Due to two specific restrictions on Saudi Arabian women, most of them have to go without any underwire support. Since they can’t work, men staff lingerie stores. Since they can’t have contact with men they are not related to, they are unable to be properly fitted for a bra. 

The shops aren’t even permitted to have fitting rooms.

Despite a 2006 law that would permit women to work in shops that sold women’s items, lingerie shops continue to be staffed by men. Shops are allowed to hire women, but a barrage of restrictions makes it incredibly difficult to do so.

Any shop employing females must block the display windows to keep people on the street from looking in. They must hire a male bodyguard (at $930 a month) to keep men out. It’s unclear as to whether the bodyguard would be stationed inside or outside the store, as it seems to go against the rules to have him inside the shop. Because he’s a dude and all.

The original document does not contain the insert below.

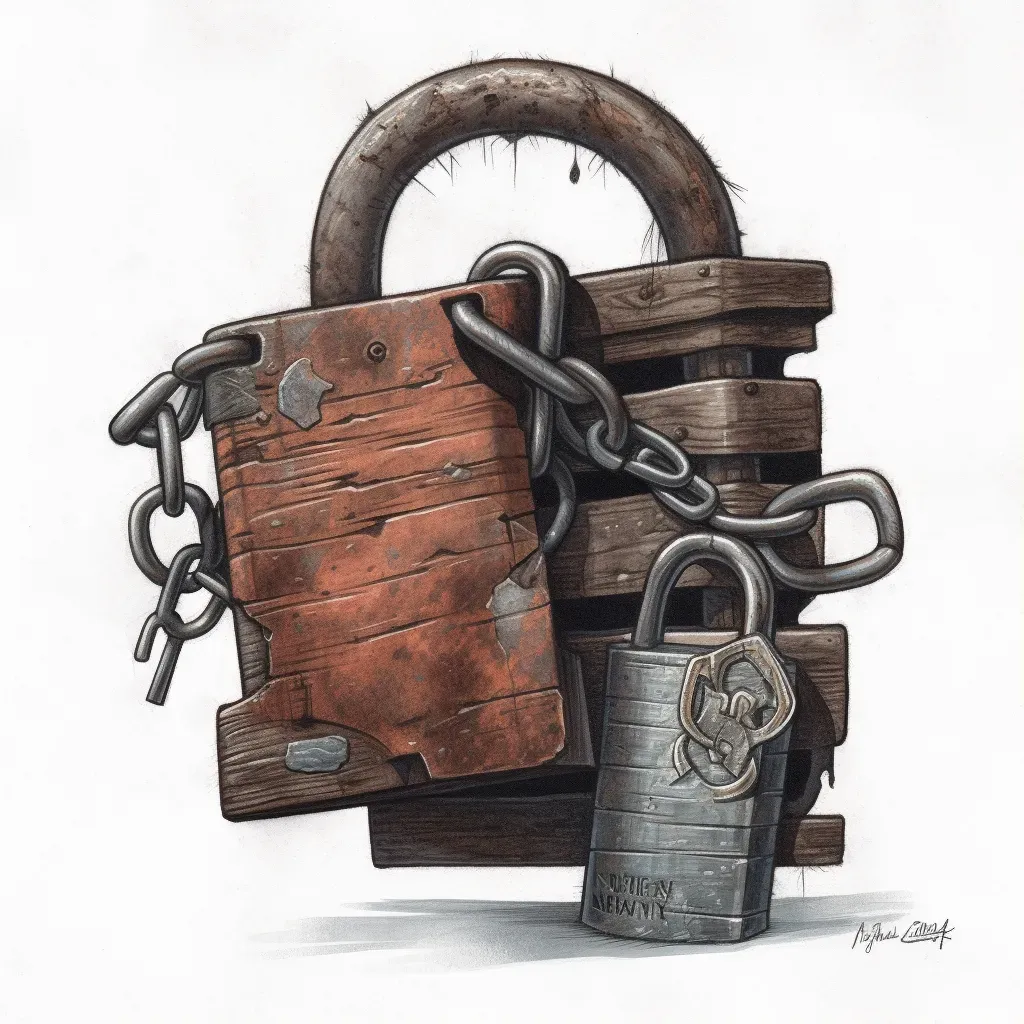 Key unlocking a heavy rusty padlock on a chain - Image 1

Activists are trying to get things changed so that women can sell bras to other women:

Last year, in February, activists boycotted lingerie shops that employ men. Twenty-six women attended a 10-day course on selling women’s underwear held by activist Reem Assad, a lecturer in banking and finance at Jeddah’s liberal Dar Al Hekma Women’s College. The campaign, which began on Facebook and was dubbed “Enough Embarrassment,” received wide support from women and Islamic scholars. It aimed to get rid of men who work as sales clerks in these shops.

My heart goes out to the women of Saudi Arabia. A well-fitting bra is an essential accessory for our girls, as an ill-fitting one can lead to bad posture (and back problems), damaged breast tissue (from pokey underwires), and back fat (shudder ... although that’s probably not much of an issue underneath yards and yards of black fabric).

Keep fighting, Saudi Arabian females! I fully support your need for support.